Coordenadoras: Viviane Fernandez de Oliveira (Universidade Federal Fluminense), Edilaine Albertino de Moraes (UFJF), Florence Mendez Casariego (UERJ)
Debatedora: Fátima Teresa Braga Branquinho (Universidade do Estado do Rio de Janeiro)
17/09/2025 – Sessão 01
- Horário: 14:00 – 16:00
- Local: Mirante do Rio – sala 304 (3o andar)
Encontros de doutorandos em ciências ambientais com a antropologia dos objetos de Bruno Latour: desafios e recursos vivenciados na elaboração dos relatos – Fátima Kzam Damaceno de Lacerda (UERJ), Fátima Teresa Braga Branquinho (Universidade do Estado do Rio de Janeiro), Viviane Fernandez de Oliveira (Universidade Federal Fluminense), Florence Mendez Casariego (UERJ)
Sabemos o que caracteriza uma tese de doutorado é a dedicação dos doutorandos em atender a todos os critérios para a elaboração de um texto dessa natureza. Contudo, para os que escolheram a Teoria Ator-Rede como um caminho epistemológico para observar o que normalmente não é percebido pelos princípios explicativos tradicionais das ciências sociais, fazer antropologia de objetos técnicos e científicos e escrever um relato arriscado, é desafiador. O que significa assumir a ação de humanos e não-humanos? A partir de que sinais podemos perceber o tempo em espiral? Quais são as dificuldades de abandonar a noção de tempo linear? O que essa noção tem a ver com a noção de revolução? Como rever o modo como realizamos nossas práticas científicas e passamos a observar a realidade de forma lenta, sem categorias prévias e sem conclusões apressadas? Como realizar uma prática científica que admite que o que chamamos de social não é o que explica, mas o que precisa ser explicado? Como estabelecer diálogo entre diferentes saberes, elaborados por culturas que não têm a ciência como postura epistemológica para ler e compreender o mundo? Afinal, o que é ser humano no século XXI? Considerando que as respostas a essas questões são os principais desafios enfrentados por doutorandos que cursaram disciplinas sobre a Teoria Ator-Rede, ministradas desde 2012, o objetivo deste trabalho é descrever os recursos, estratégias, modos de superação de desafios, desenvolvidos por pesquisadores do campo da antropologia das ciências e das técnicas.
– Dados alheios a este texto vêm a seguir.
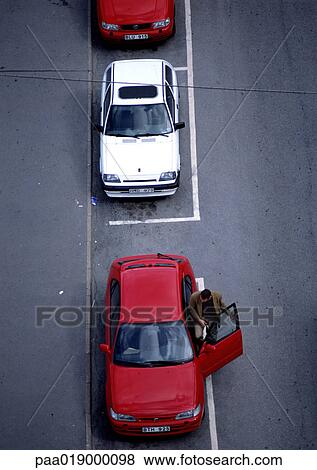 Stock Photo - Red and white cars parked on asphalt, birdseye view.. Fotosearch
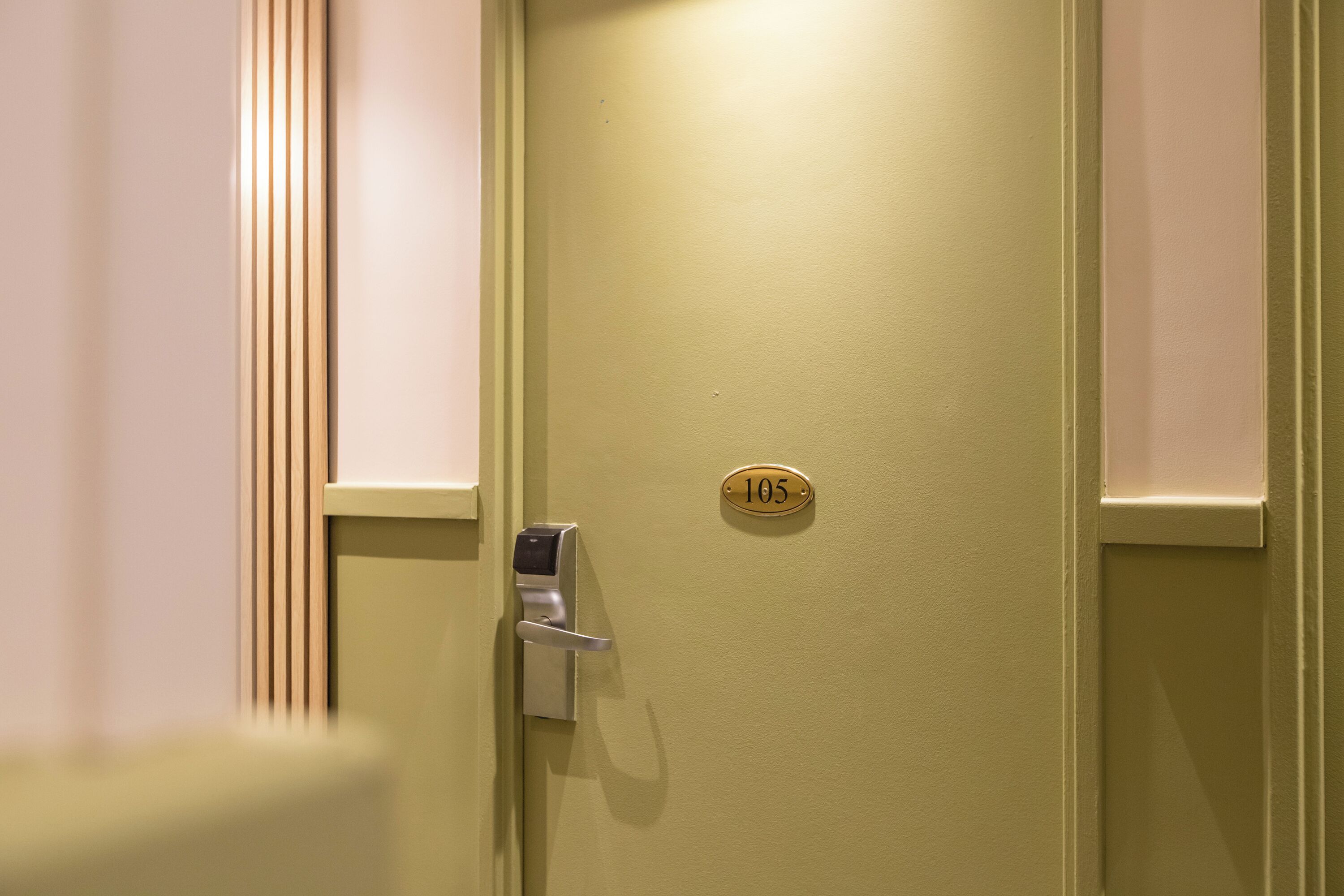 Une porte dotée d’une serrure numérique et d’une plaque indiquant le numéro de la chambre.
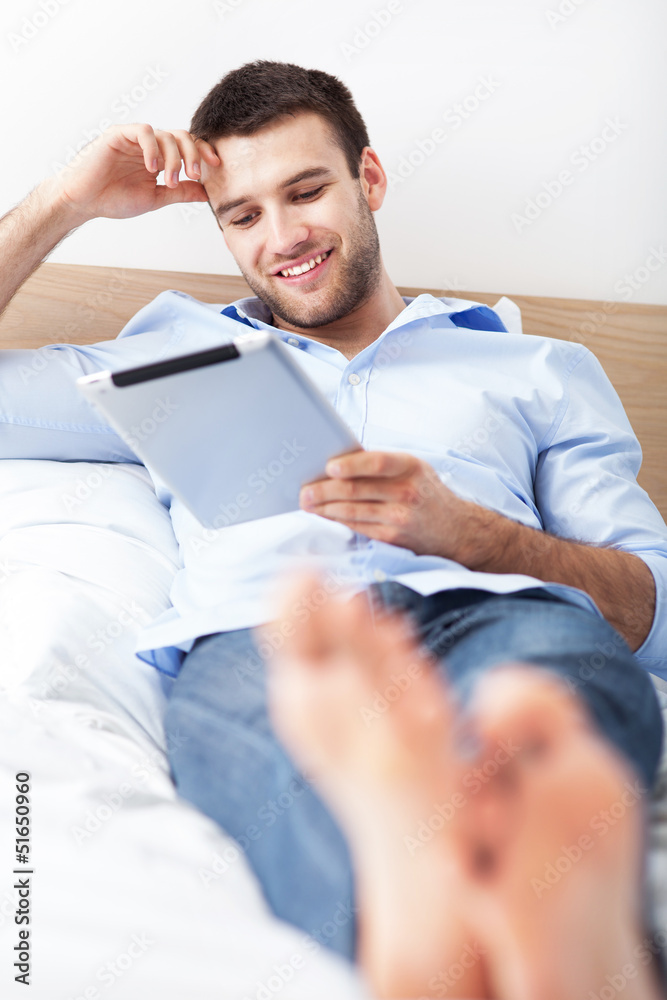 Man relaxing with digital tablet Man relaxing with digital tablet
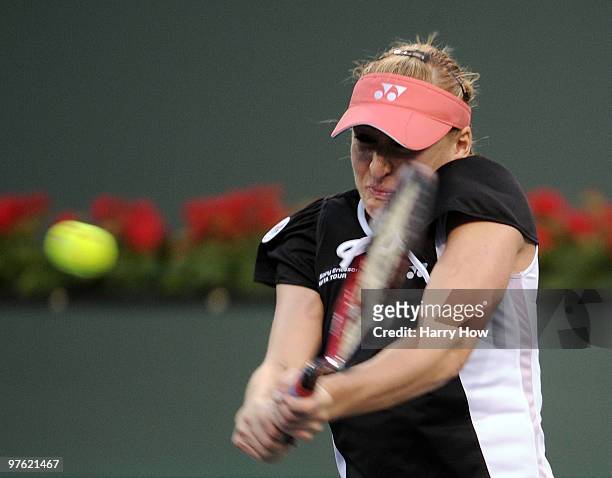 Elena Baltacha of Great Britain hits a backhand in her match against Alexa Glatch during the BNP Paribas Open at the Indian Wells Tennis Garden on...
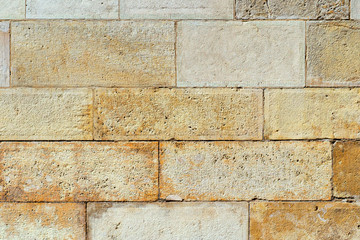 An old wall piled of stone yellow blocks. Natural background for design or texture.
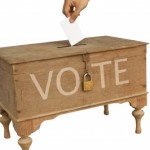 Hand dropping a ballot into a ballot box on www.adventuresinexpatland.com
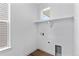 Clean and bright laundry room with window, shelf, and hookups at 223 Washington St, Erie, CO 80516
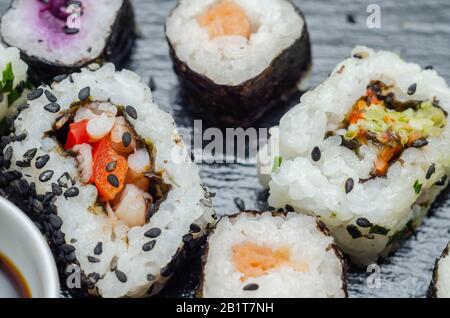 Mélangez les sushis veggie et les sushis de poisson sur la plaque en pierre noire, la nourriture japonaise Banque D'Images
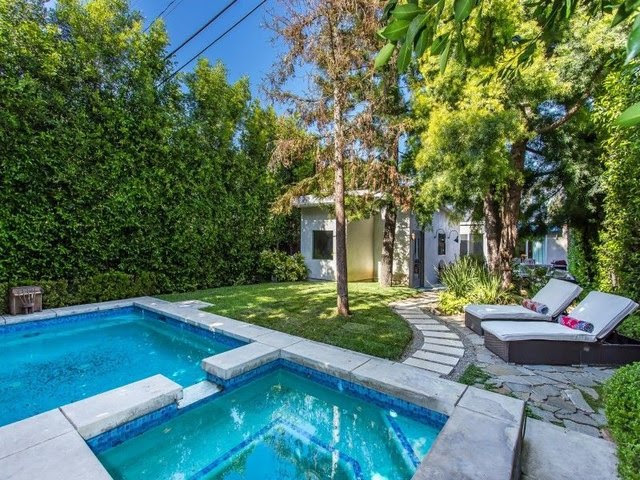 The back yard includes a pool and spa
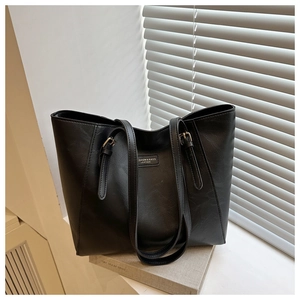 Close-up of black tote bag with lychee texture and gold metal buckle detail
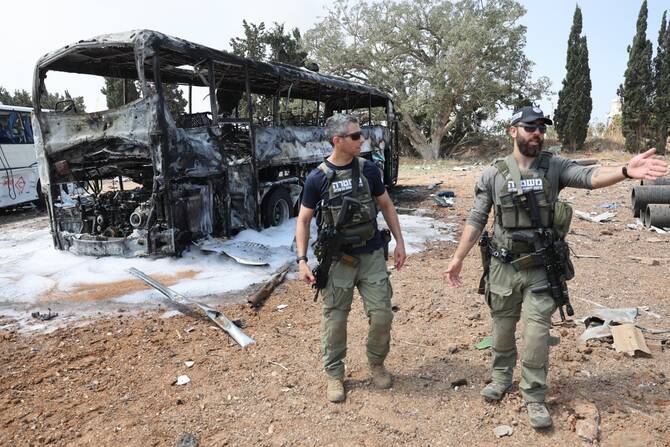 Members of Israeli security forces gesture as they deploy at the impact site of an Iranian missile at a bus depot in Herzliya near Tel Aviv, June 17, 2025. (AFP)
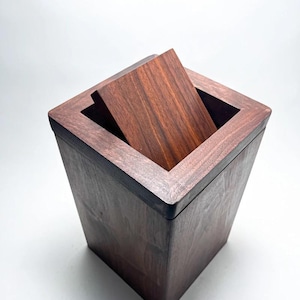 May include: A square dark brown wooden container with a matching lid that is partially open. The box features a visible wood grain pattern throughout its exterior surfaces and a smooth, clean finish on the top edges of the square frame.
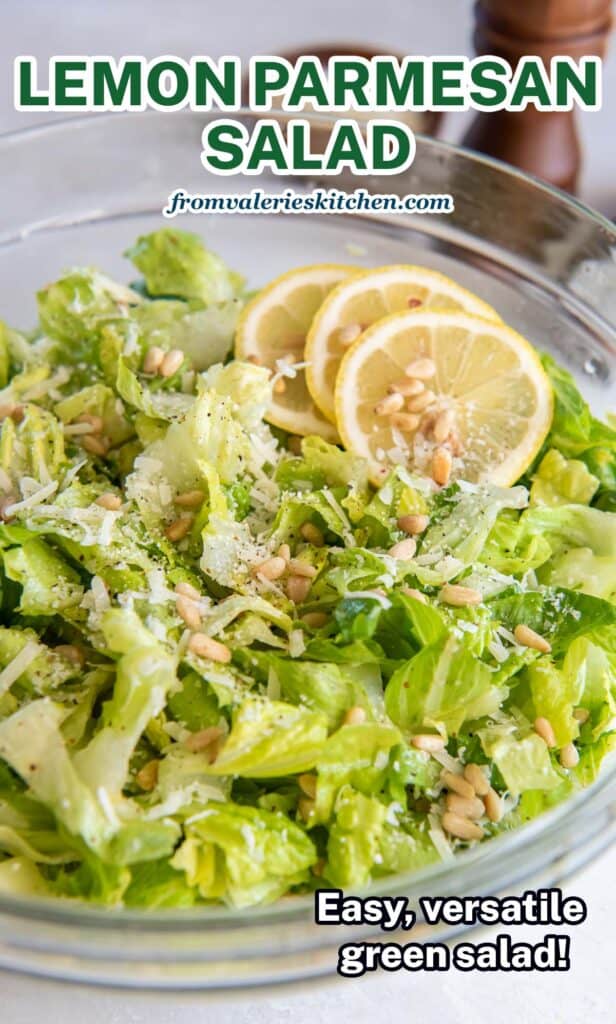 A salad of chopped romaine with Parmesan cheese and pine nuts garnished with lemon slices with text.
Agroecologia como cosmopolítica: resistências pluriversais e ontológicas na Teia dos Povos no Rio Grande do Sul – Eduarda Paz Trindade (UFRGS)
Esta apresentação propõe uma análise das redes de resistência e autonomia tecidas pela Teia dos Povos Em Luta no Rio Grande do Sul, uma articulação que une comunidades indígenas, quilombolas, camponesas e urbanas na luta pela soberania territorial, alimentar e epistêmica. A partir da Teoria Ator-Rede de Bruno Latour e da cosmopolítica de Isabelle Stengers, a pesquisa investiga como práticas agroecológicas são articuladas como agenciamentos sociotécnicos que incorporam humanos e mais-que-humanos, reconfigurando o social e o natural em redes de cuidado e reciprocidade. Tomando como fontes cartas das Jornadas de Agroecologia e publicações nas mídias sociais da Teia, exploro como a agroecologia se apresenta como um projeto ontológico e epistemológico de resistência ao modelo capitalista e às epistemologias coloniais, promovendo a construção de mundos plurais e sustentáveis. A análise revela tensões e desafios internos e externos à Teia, incluindo o enfrentamento das crises climáticas e das pressões do agronegócio, que tornam urgente repensar as relações entre ciência, tecnologia e territórios. A pesquisa evidencia que a Teia dos Povos, ao reagregar práticas agroecológicas, desafia as hierarquias e dicotomias modernas e contribui para a criação de uma ontologia pluriversal, que integra saberes ancestrais, práticas comunitárias e relações simétricas entre humanos, plantas, bichos, sementes e entidades espirituais. Esta perspectiva se insere no debate sobre as cosmopolíticas necessárias para aterrar os desafios climáticos e ontológicos de nosso tempo.
Cecinepá nas encruzilhadas: metodologias figuradas para aterrar mundos em fricção – Jonathan Fenile de Castro (UNICAMP)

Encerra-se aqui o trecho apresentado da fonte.